Talking ’bout a devolution

Animal species evolve in order to survive. For California government, “devolution” may be the key.

At least that’s the thinking of Senate President Pro Tem Darrell Steinberg. He told Bites last week that after a generation of Proposition 13, and three decades of evolving power and responsibility up to the state level, we need to take a serious look at giving back power to local governments.

Bites doesn’t need to tell you the basic problem. Californians want government services and don’t want to pay for them.

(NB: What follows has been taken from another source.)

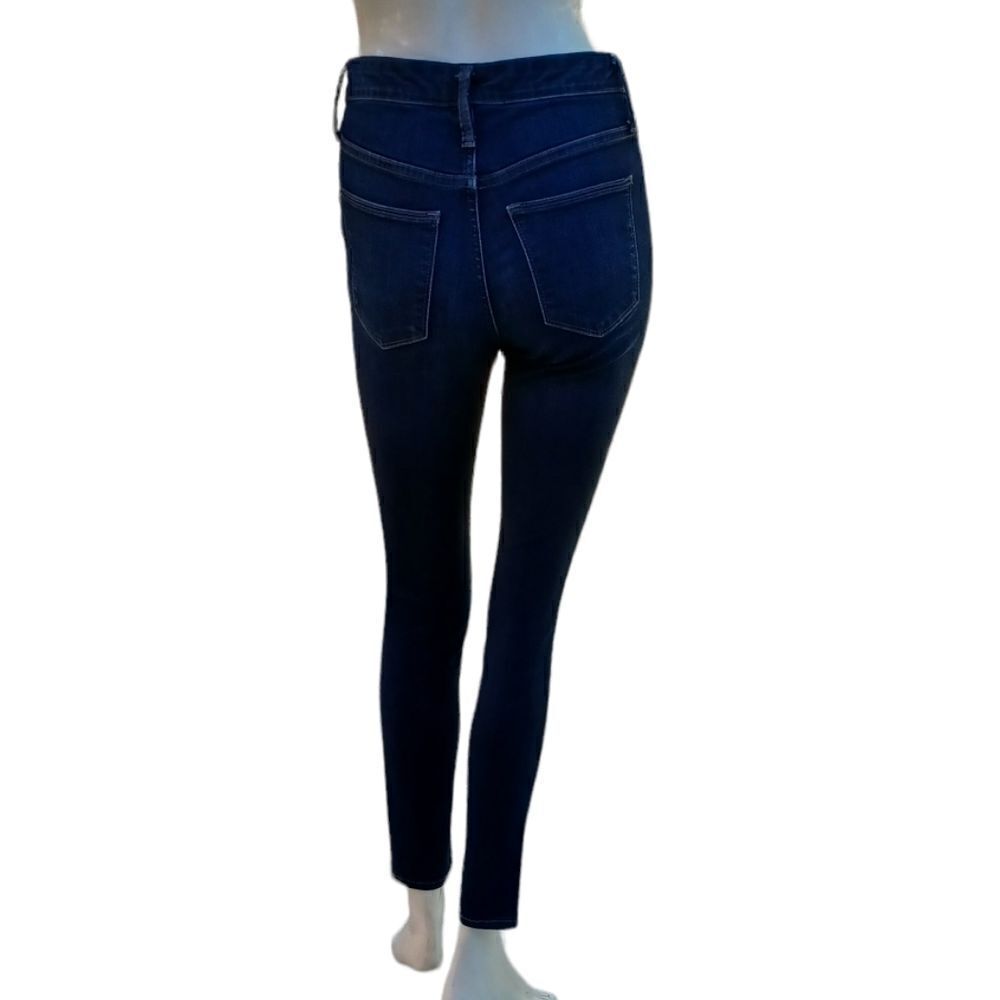 627237..Universal Thread Skinny Jeans Size 2/26,  9" Rise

Meanwhile, cities and counties are completely reliant on state funding, money the state doesn’t have, to pay for the mandates on local governments.

The result is a fiscal cul-de-sac. “When I look at a $25 billion deficit, I think the present structure of government is not sustainable,” Steinberg explained.

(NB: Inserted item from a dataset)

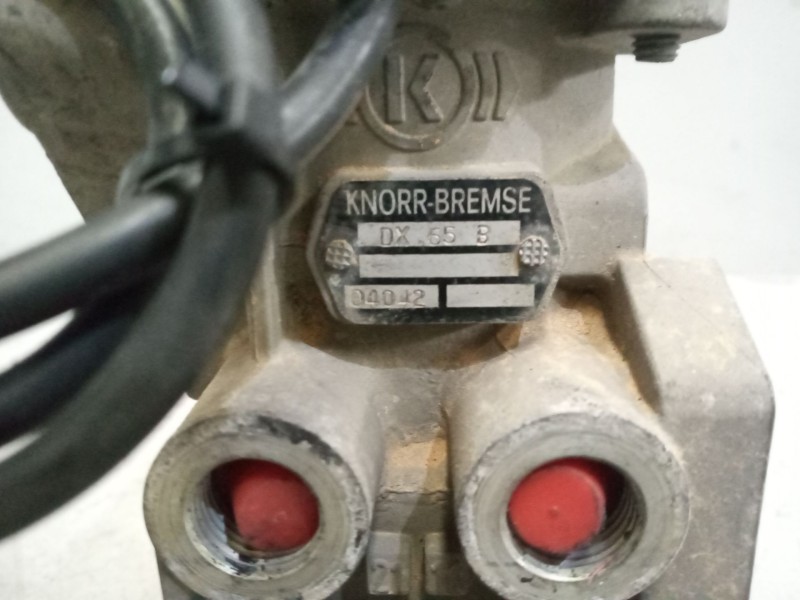 Recambio de valvula aire para iveco eurocargo 05.03  3.9 diesel referencia OEM IAM 504052063 DX65B 504100604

“The choice is to make massive cuts that will harm people, and harm the economic recovery, or to raise taxes, which is politically impossible.”

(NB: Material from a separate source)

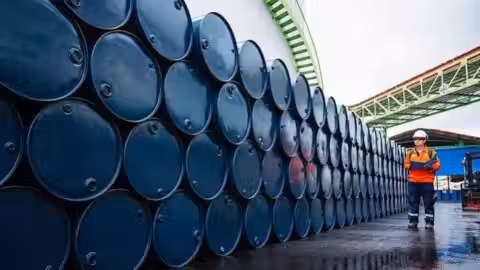 Le baril de Brent repasse au-dessus de 100 dollars sur fond de tensions au Moyen-Orient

But Steinberg says there is another option. “The third way is to move services closer to people.”

Call it realignment. Call it devolution. It isn’t a new idea, but one that’s getting a harder look as state lawmakers run out of options.

One specific proposal to cut the state’s corrections budget, which Steinberg described as “way out of whack,” is to start offering locals money to keep low-level offenders in county jails, or on county probation, or in other county programs.

The idea is the counties can do the job more effectively, and more cheaply, and get a little revenue boost in the deal. Similarly, Steinberg has proposed shifting funding and responsibility for programs like CalWORKs, Adult Protective Services and drug courts to the counties. He’s even exploring ways that realignment could help local school districts.

But will devolution really pencil out? Roger Dickinson, just elected to the state Assembly after four terms on the Sacramento County Board of Supervisors, says he thinks realignment of some services could “potentially be a good deal for the county.” But in the short term, he worries that “the discussion is going to be about how can the state can save money and the counties can take more responsibility.”

The tricky part is giving locals the responsibility, and the revenue.

“We need to allow local communities to define their futures,” said Steinberg. That’s pro tem-speak for giving local government more power to raise taxes.

The weirdness of our current system is that voters can approve a general purpose sales-tax increase or other revenue boost with a simple-majority vote. But specific taxes—say for schools or cops or mass transit—require two-thirds approval by voters. Steinberg says we ought to flip those rules.

And the thing is, locals will vote to assess themselves, if they know what they’re getting—they pass school bonds and transportation sales taxes all the time. And they’ll even vote to preserve revenue streams—look at the 40-point drubbing that Measure B took this last election.

Of course, any reforms would mean going to the statewide ballot with one or more constitutional amendments. You know the script, Democrats and unions will promote it, while conservatives and anti-tax groups will attack it as “an end-run around Prop. 13.”

Steinberg concedes going to the ballot with any kind of reform measure would be hard, but says there may not be many alternatives. “When people say it’s fraught with political difficulties, I get it, but difficult compared to what? We’ve got to think big, not as an academic exercise, but out of a real sense that we can’t continue on this way.”